La comtesse mettait de nouveau sa fortune à la disposition de Pierre Hauban, qui répondit avec une rude franchise :
– De votre fortune, madame, je n’en veux rien, n’étant pas un chien qui vend sa peau. Je me fais paver mon travail et point ma vie ; mais le bon Dieu m’a donné ma vie pour rien, je puis bien la donner de même. Et parce que vous êtes la mère aux pauvres, comme dit Ismérie ma promise, je me risquerai, vous priant tant seulement, si j’y reste, d’avoir soin de mon bonhomme de père, qui se fait vieux.
– Cette prière est inutile, mon ami, dit la comtesse en faisant effort pour répondre avec un peu de sévérité ; si vous êtes fier, je ne suis point ingrate.
– C’est vrai, j’ai tort, ma bonne dame. Oui, j’ai eu tort, dit Hauban. On sait assez dans le pays que vous avez du cœur et du sentiment, et si j’ai parlé de Jacques Hauban, mon père, c’est qu’il ne peut plus aller à la pêche ; il a fini son temps, et… maintenant, achetez-nous une barque à notre idée, avancez-moi de l’argent en masse, ce qui reviendra, on vous le rendra, si on en revient. Voilà mes conditions.
– Que Dieu vous conduise et vous ramène sain et sauf ! nous le prierons nuit et jour pour votre succès !… Il aura pitié de mes angoisses maternelles, il protégera votre dévouement.
La fiancée du jeune comte de Roseville embrassait Ismérie en répétant :
– Vous serez ma sœur !
Cependant le père Saurin avait brusquement posé sa large main sur l’épaule de Pierre Hauban.
– Voyons voir ton plan ! disait-il.
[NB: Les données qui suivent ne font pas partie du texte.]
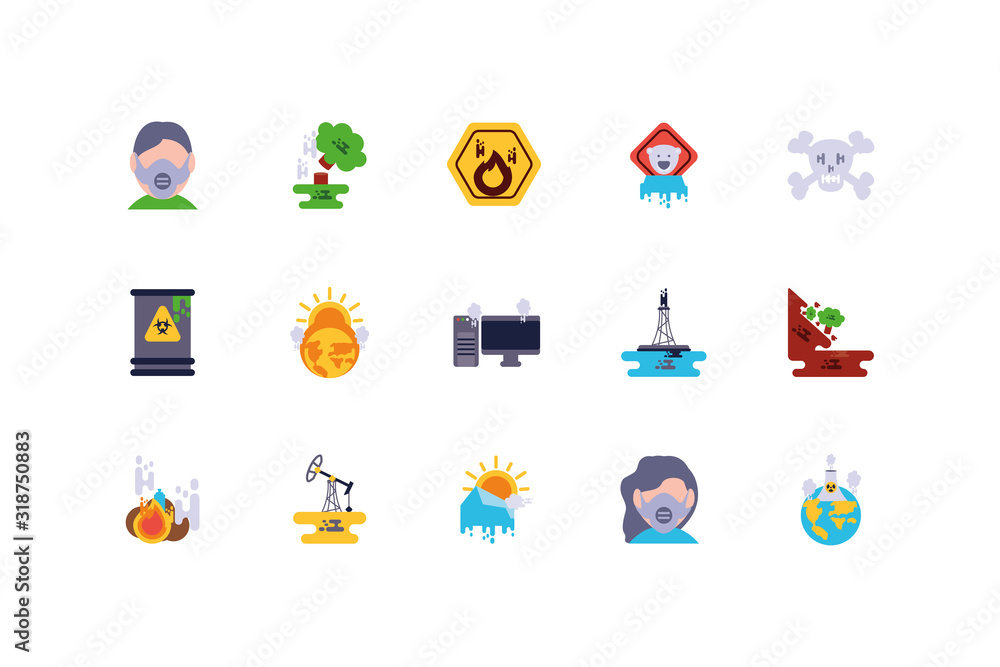Climate change global warning and pollution icon set vector design Climate change global warning and pollution icon set vector design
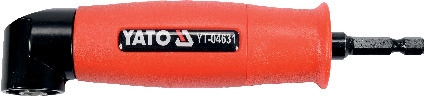 Röd och svart YATO vinkelborradapter, modell YT-04631.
Je ne demande, moi, que d’avoir tort ; mais, tonnerre, à la voile ! montre-moi que tu as raison !
– Dam ! répondit le jeune contremaître, je ne suis pas un mousse de deux liards, et votre fille, ma promise, tient de son père. Elle a eu tout à l’heure une idée de matelot. Avec un brin de chance, nous gagnerons le coup. Il ne nous faut qu’un gardien de ponton qui, pour une masse d’argent, se mette de notre bord, et un coup de vent du nord-ouest à l’heure du jusant, avec la tombée de la nuit.
– Heum ! voici déjà pas mal d’affaires qu’on n’a pas comme on voudrait… C’est égal, il y a un bon Dieu ; ça peut se rencontrer, mais ce n’est pas tout !
– Le restant est facile. Nous trouverons bien entre Dunkerque et Saint-Malo une chaloupe prise sur l’Anglais avec tous ses papiers de bord.
– Oui.
– Nous l’achetons. Avec de l’or et de l’argent plein les poches, un chargement d’eau-de-vie de France, et la finesse de votre Ismérie, qui sera mousse à bord, nous voilà partis !
Les explications de Pierre Hauban déridèrent peu à peu le père Saurin, dont les instincts de contrebandier s’éveillaient ; il proposa d’être de l’expédition. Hauban objecta que moins on serait dans la barque, moins on exciterait de défiance.
Vingt-quatre heures après, le vieux pilote embrassait sa fille en faisant un vœu à sainte Anne, patronne des marins, et lui laissait prendre par terre, de compagnie avec Pierre Hauban, la route de Saint-Malo où, de l’avis commun, on se procurerait plus aisément qu’ailleurs la barque de construction anglaise, indispensable pour tenter l’aventure.
Chemin faisant, Pierre et Ismérie ne causèrent guère de leurs amours, mais beaucoup de leurs stratagèmes, dont les moindres détails furent débattus, discutés et calculés avec une prévoyance minutieuse.
Ils appareillèrent de Saint-Malo, franchirent la Manche et atterrirent à Portsmouth avec des précautions telles, que les soupçons des gardes-côtes anglais ne furent pas éveillés.
Pierre Hauban sut se faire passer pour un commissionnaire de l’île de Wight, jeté hors de sa route par le mauvais temps.
À Portsmouth, son or, son eau-de-vie surtout, firent merveilles.